Paul J. Richards / AFP/Getty Images
A Google street view mapping and camera car cruises the streets of Washington, D.C.
Google has agreed to pay $7 million to settle a lawsuit filed by 37 states and the District of Columbia over the firm’s vacuuming of data from home Wi-Fi networks around the world. The settlement ends a long chain of U.S. government legal actions against Google in what has become known as the "Wi-Spy" scandal, but Google still faces numerous legal challenges in Europe and elsewhere.
Between 2008 and 2010, Google's Street View cars, designed to take detailed block-by-block pictures, had an added feature -- they collected data broadcast out of users' homes from unsecured Wi-Fi networks. At the time, most home routers didn't come equipped with encryption by default, so the data haul was enormous, and raised numerous privacy issues.
Google has admitted its mistake, but maintained that the collection wasn't illegal because the data was collected from public locations and broadcast by the victims in plain text. Still, the episode has been embarrassing for the company, and it has repeatedly said it has implemented new procedures to prevent a similar episode.
The most disturbing part of the Wi-Spy scandal is that Google blames it on a rogue engineer, though according to an investigation conducted by the Federal Communications Commission, the engineer told others at the company about the data collection. It's alarming to think about the privacy disasters that could be created by a rogue employee or group of employees who work inside a company with massive data collection power, like Google. The FCC fined Google $25,000 for allegedly obstructing its investigation, but took no further action against the company.
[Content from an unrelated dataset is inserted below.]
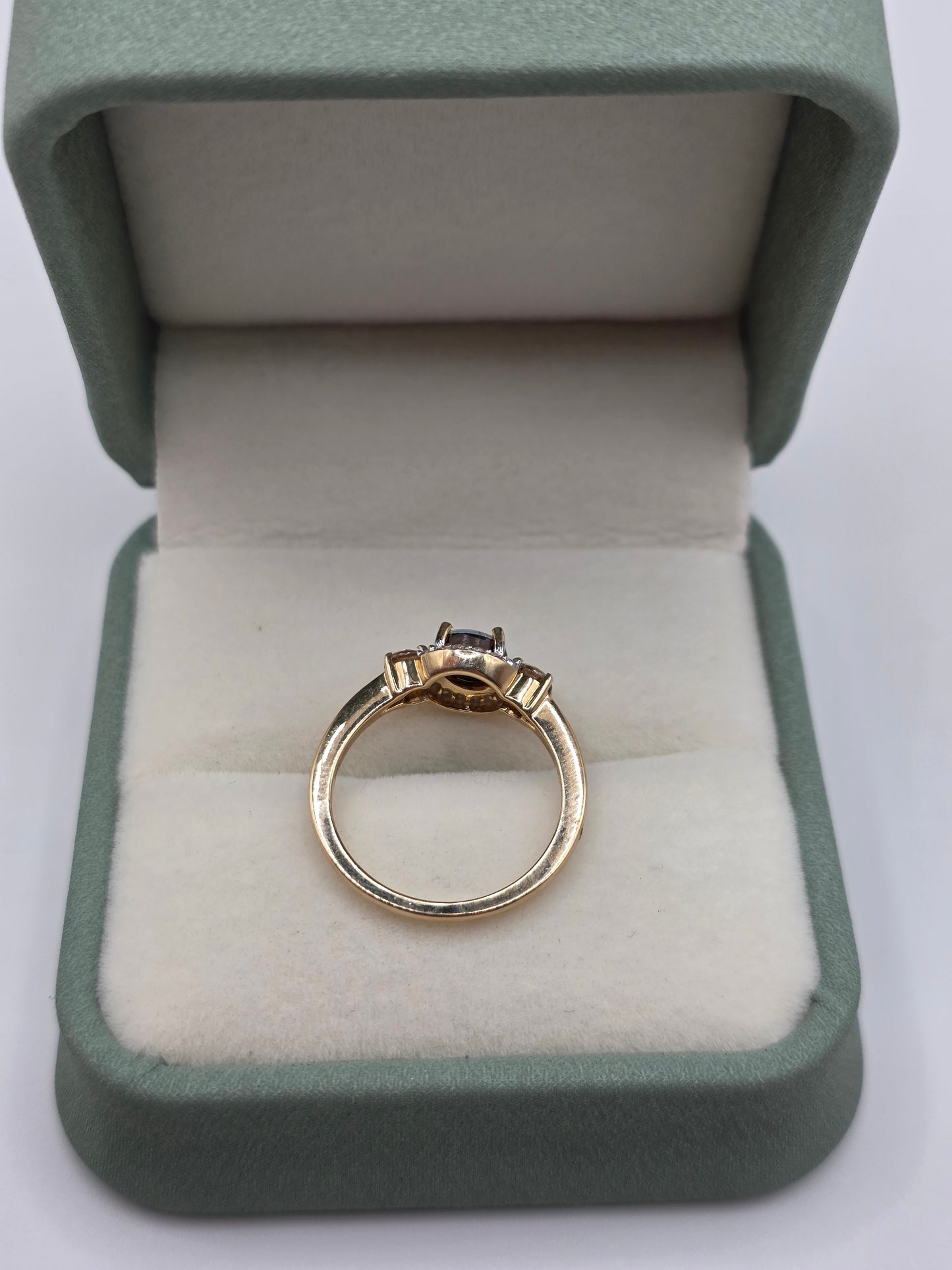 9ct gold opal, zircon and morganite ring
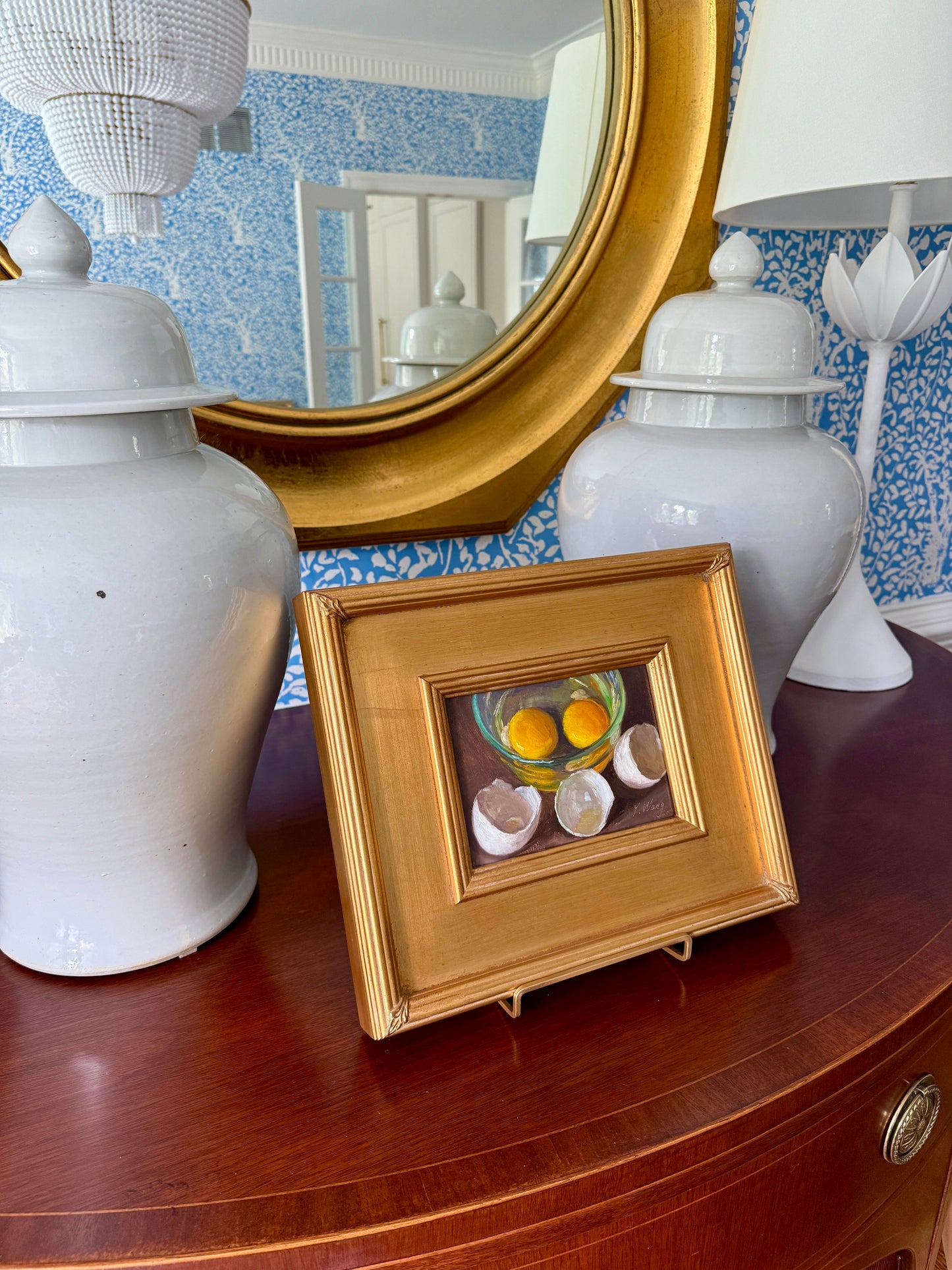 Cracked Eggs in Glass Bowl Realist Still Life Oil Painting in Gold Frame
“Consumers have a right to protect their vital personal and financial information from improper and unwanted use by corporations like Google,” said New York Attorney General Schneiderman in a statement about the attorneys general settlement. “This settlement addresses privacy issues and protects the rights of people whose information was collected without their permission. My office will continue to hold corporations accountable for violating the rights of New Yorkers.”
Google agreed to destroy the data as part of the settlement and to launch an employee privacy training program that it must continue for 10 years.
"We work hard to get privacy right at Google. But in this case we didn't, which is why we quickly tightened up our systems to address the issue," Google said in a statement to NBC News. "The project leaders never wanted this data, and didn't use it or even look at it. We're pleased to have worked with Connecticut Attorney General George Jepsen and the other state attorneys general to reach this agreement."
The Electronic Privacy Information Center maintains a detailed list of legal actions in the Wi-Spy scandal, including links to details on ongoing investigations around the globe.